When you first discover a cold patch on your radiator, check if the:
- Thermostat is set too low
- Timer isn’t working
- Radiator valve is closed
If none of the above apply, your radiator might be cold if there are:
- Air pockets in the system
- Blockages within the system
- Circulation fault
Why are some of my radiators not working?
If none of your radiators are heating up properly, then there could be a problem with your central heating system or boiler. However, if some of your radiators are heating up while others aren’t, this could be one of a number of issues. Run through our quick fix checklist below to find out more.
Issue 1: Cold radiators in some parts of the home
If a radiator in your home isn’t getting hot, it may be due to a problem with one of the zones in your central heating system.
Central heating systems work by pumping a continuous flow of hot water from the boiler to the radiators, then back to the boiler to pick up more heat. Within this system, you could create ‘zones.’ This means that you can control the temperature in separate areas of your home, depending on your heating requirements in each room. If you find that radiators are cold in one area, it could indicate that there is a problem with a particular zone.
Issue 2: One radiator not heating up
If you find that one radiator within your home stays cold, ensure that the valves located on the sides of the radiator are open. If the valves are open but the radiator is still cold, it’s possible that the valves are blocked. A suitable system cleanse conducted by a Gas Safe Registered engineer will usually do the trick.
Issue 3: Cold radiators upstairs
If the upstairs radiators in your home are cold, it’s an indication that the feed and expansion tank in your loft has run dry. This usually points to a larger problem. However, it’s also possible that the ball valve in the tank isn’t working correctly; it may be blocked or jammed.
Try the following:
- The cistern is usually found in the loft
- Clear any obstructions to the ball valve
- Refill the cistern, making sure there is enough room for the water to expand when the system heats up
- Refill the cistern so that there is just enough water to float the ballcock
- When the system is cold there should be just enough water to make the ball float and switch off the water coming in
It’s highly recommended that you seek the skills of a Gas Safe registered engineer when you have major heating or boiler problems. Remember that all boilers and heating systems should be regularly checked and serviced by a competent engineer.

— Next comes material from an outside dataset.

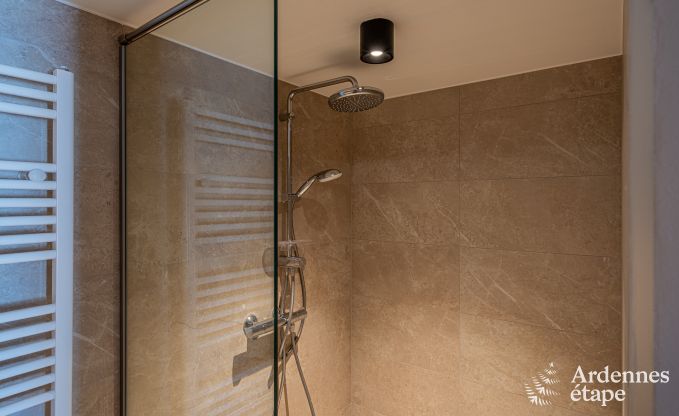 Vakantiewoning in Bastogne: ruime accommodatie voor 14 personen met 6 slaapkamers en speelkamer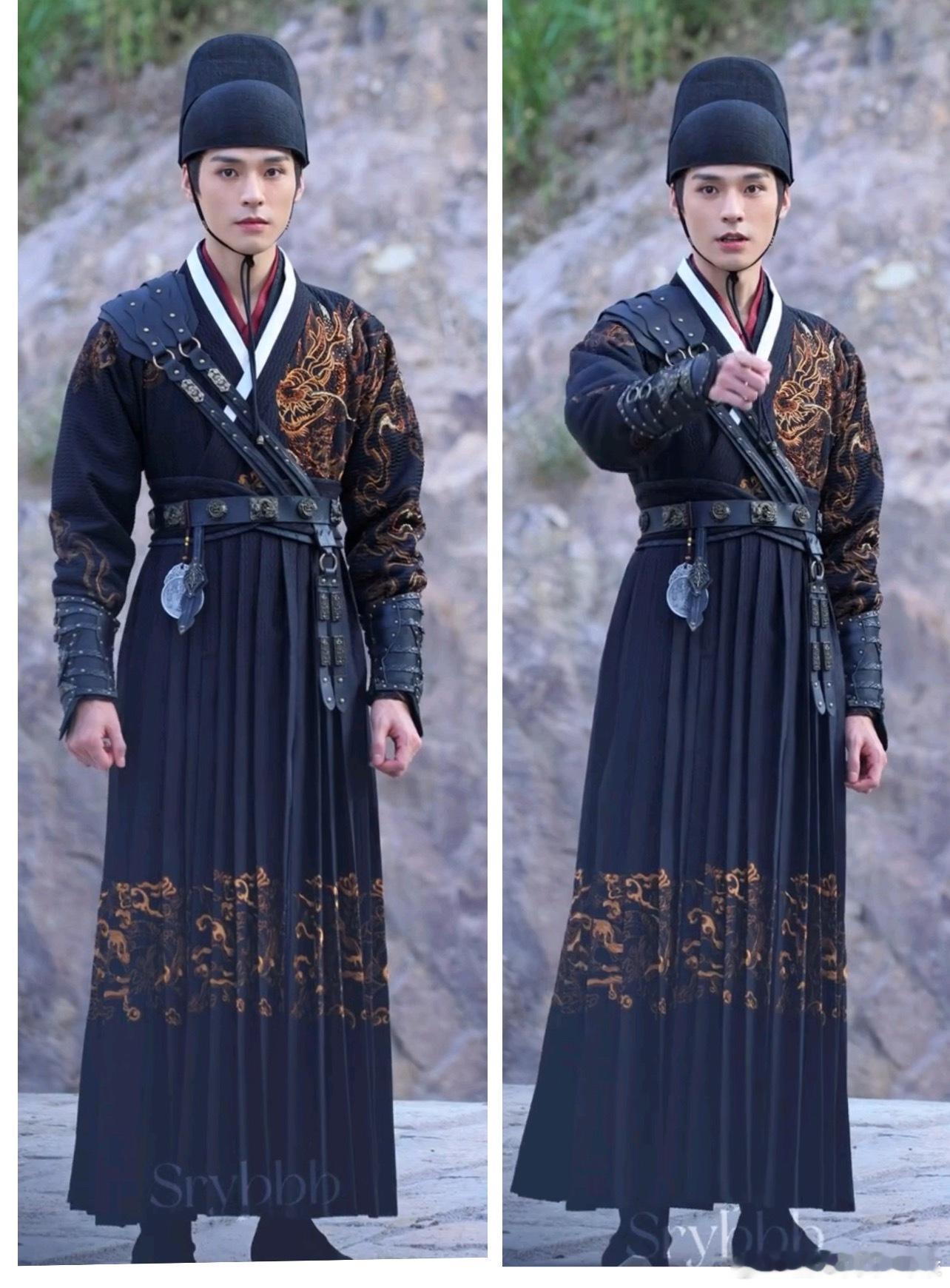 龚俊《白衣公卿》的主妆造“飞鱼服”路透，这个腰线太高了，看着太别扭了。​​​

With a full cistern, the upstairs radiators should start heating, but it’s a good idea to get a professional plumber in to work out why the cistern ran dry in the first place.
Issue 4: Cold radiators downstairs
If your downstairs radiators are failing to heat up, there could be a problem with your pump. If this is the case, it won’t be producing enough power to push the water around the heating system.
Pumps can get warm, but if it is hot or making a grating sound, then it might be about to break down, in which case it will need replacing. One of HomeServe’s Gas Safe registered engineers can provide help and advice to rectify this issue.
Why is the top of the radiator cold?
If the top of your radiator is cold, it’s possible that air is trapped within the system. Bleeding the radiator will release any trapped air, vastly improving the efficiency of your entire heating system.
Why is the middle of the radiator cold?
If the middle of your radiator is cold, there may be a build-up of debris or sludge which is obstructing parts of the bottom of the radiator. You’ll need to clean it out and remove all unwanted substances that are blocking the bottom length of the radiator.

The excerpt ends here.